Segment Start: Information supplied

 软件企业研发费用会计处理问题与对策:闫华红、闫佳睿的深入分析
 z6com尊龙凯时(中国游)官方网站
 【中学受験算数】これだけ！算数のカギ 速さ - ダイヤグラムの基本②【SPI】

Segment End: Information supplied

An exact, complete copy of the data is the only acceptable answer.

> **Response to the exercise**
 软件企业研发费用会计处理问题与对策:闫华红、闫佳睿的深入分析
 z6com尊龙凯时(中国游)官方网站
 【中学受験算数】これだけ！算数のカギ 速さ - ダイヤグラムの基本②【SPI】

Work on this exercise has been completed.